I work for nonprofit 501(c)(3) organization and I plan to donate a few items for this organization. Can I make this donation tax-deductible? Is it a problem that I work for them (and I will have their W2) on my tax return?

3 Answers 3


Valuation is a constant problem any time you donate non-cash assets to a charity... whether you work there or not.

The issue is obvious. You say the item was mint condition and want to claim its sticker price; IRS says it was a worn out piece of junk and wants to give you $1. Justifying valuation is all on the donor. The charity isn't even involved; their duty is to write you an acknowledgement letter saying that you did, indeed, donate certain items and state their condition not their value.

At audit time, you must prove value to the IRS, using any means which will persuade a tax court judge.

As an insider, you are totally allowed to donate. Of course, at audit time, any such donations will face increased scrutiny, as IRS may investigate whether the donations are phoney. Signing the acknowledgement letter yourself is probably a bad plan.

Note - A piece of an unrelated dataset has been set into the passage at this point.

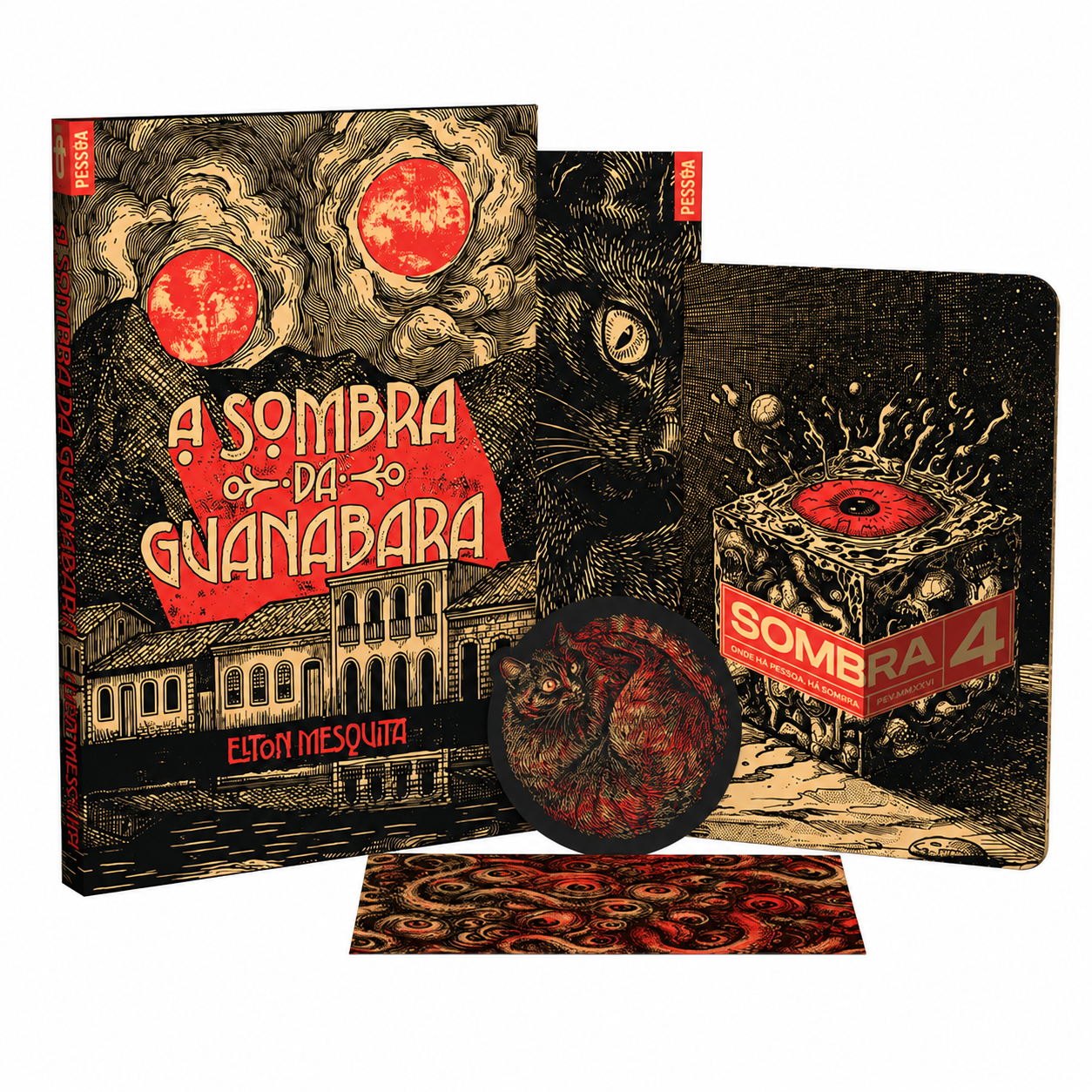 A Sombra da Guanabara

An audit could come at you from two directions. First an audit of your personal taxes obviously. Second an audit of the charity's Form 990 annual tax return. Being an insider increases the reporting threshold (makes it more likely) that your identity and your gifts would need to be disclosed on the 990... which is a public document, seen by many, any of whom could report a matter of concern to the IRS.

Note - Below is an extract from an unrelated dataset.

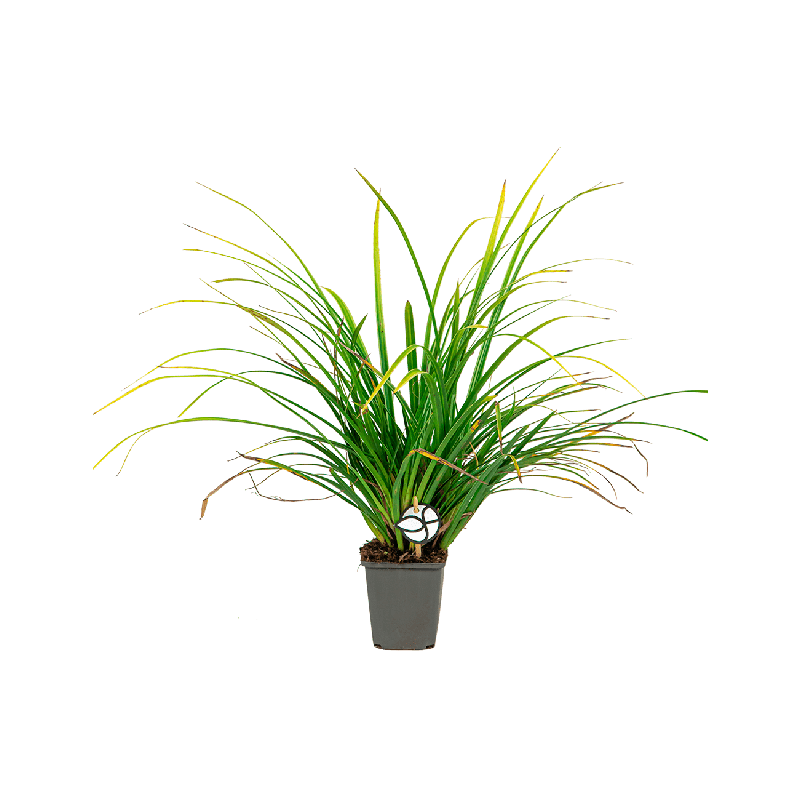 Carex morrowii 'Variegata'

And one more thing. You are not allowed to deduct the value of your work product. Say they need a sign in front of the building. You put $100 of materials into a sign you normally charge $1000 for. You donate the sign. You can only deduct $100. Now, the auditor can see the sign on Google Street View and can affirm it exists, and looks like a $1000 sign. He won't look twice at $100 in matériel, its believable.

  • Thank you, @Harper! Some ideas you mentioned in your answer, crossed my mind yesterday, when I was reading Publ.526. Good that you mentioned Form 990 and its schedules, I will take a look at it. Sep 13, 2016 at 1:39

Shouldn't be a problem. If it's a legitimately deductible donation by the normal definition, the fact that you are also working for them shouldn't matter.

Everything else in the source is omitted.